Ma gli stessi indicatori consentono anche di argomentare un no allo stesso interrogativo: solo il 30% partecipa regolarmente alla celebrazione eucaristica domenicale. Di questi buona parte sono bambini, ragazzi e anziani, più donne che uomini: tutte categorie socialmente ed economicamente periferiche. Dopo i 14 anni la partecipazione crolla e risale lentamente solo passati i 50 anni di età. [...] L'Italia è solo in apparenza un paese cattolico. Entrambe le risposte sono vere, con buoni motivi a favore dell'una e dell'altra. Ma optare per una delle due sarebbe superficiale». 

Cartocci è consapevole dei limiti di questa ricerca che ha indagato solo la risposta (la chiesa come comunità dei fedeli) e non la proposta (la chiesa come istituzione). Dunque, per Cartocci, non è il caso di argomentare risposte nette alla domanda. Tuttavia afferma con certezza che dagli anni 60' in poi l'Italia è stata percorsa da un robusto processo di secolarizzazione, cui si è affiancato però un processo di desecolarizzazione, se non altro in termini relativi. «La minoranza dei cattolici attivi nelle parrocchie e nei movimenti è probabilmente l'unica minoranza attiva che sia sopravvissuta nel paese, capace di coniugare insieme solidi riferimenti ideali, dedizione e capacità di organizzarsi in autonomia». A seguito di questa situazione, l'autore rileva poi un apparente paradosso: «per cui in tempi secolarizzati la chiesa cattolica aumenta la propria centralità nel contesto italiano, diventando un imprescindibile attore politico: debolezza della politica e forza della chiesa istituzione, se non della fede».

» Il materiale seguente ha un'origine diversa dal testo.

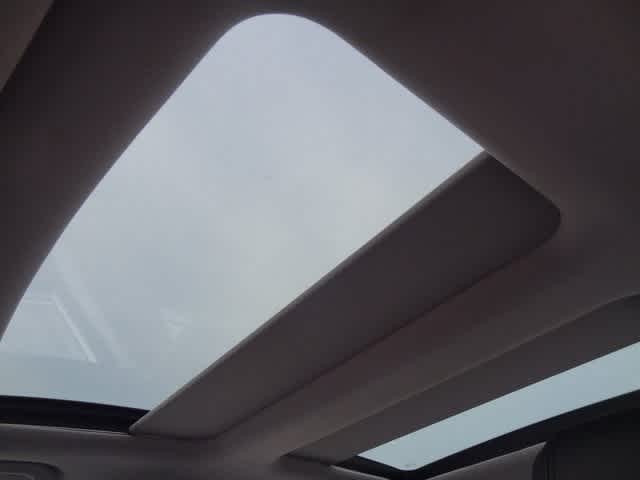 Thumbnail: 2016 Kia Cadenza - 8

L'autore prosegue facendo notare come non si sia sostituito niente di significativo alla fede della tradizione: «difficile sostenere che si sia affermata un'adulta morale laica, innervata da un aumento della tolleranza, da un'apertura multiculturale che abbraccia tutte le fedi e culture. Certamente non si sono ridotti certi aspetti deteriori della cultura politica degli italiani: il particolarismo, la diffidenza verso le istituzioni, l'indisponibilità all'impegno pubblico, la scarsa sensibilità alla corruzione e ai conflitti di interesse  - tratti solidissimi di cui la "repubblica dei partiti" aveva, almeno in parte, arginato le dinamiche socialmente più corrosive, nel nome del perseguimento del bene comune».

L'ultima parte del libro si sofferma sulla questione meridionale e sul rapporto tra arretratezza della coscienza civile e una forte presenza di atteggiamenti religiosi. Cartocci, con rara sensibilità di fine ricercatore, non ha risposte deterministiche, tiene conto della storia passata, riconosce in don Puglisi e don Diana due testimoni significativi delle possibilità che la chiesa meridionale - che riceve una grande fiducia dalla gente - si possa impegnare non solo per l'annuncio dell'evangelo, ma anche per la costruzione di una maggiore coscienza civile.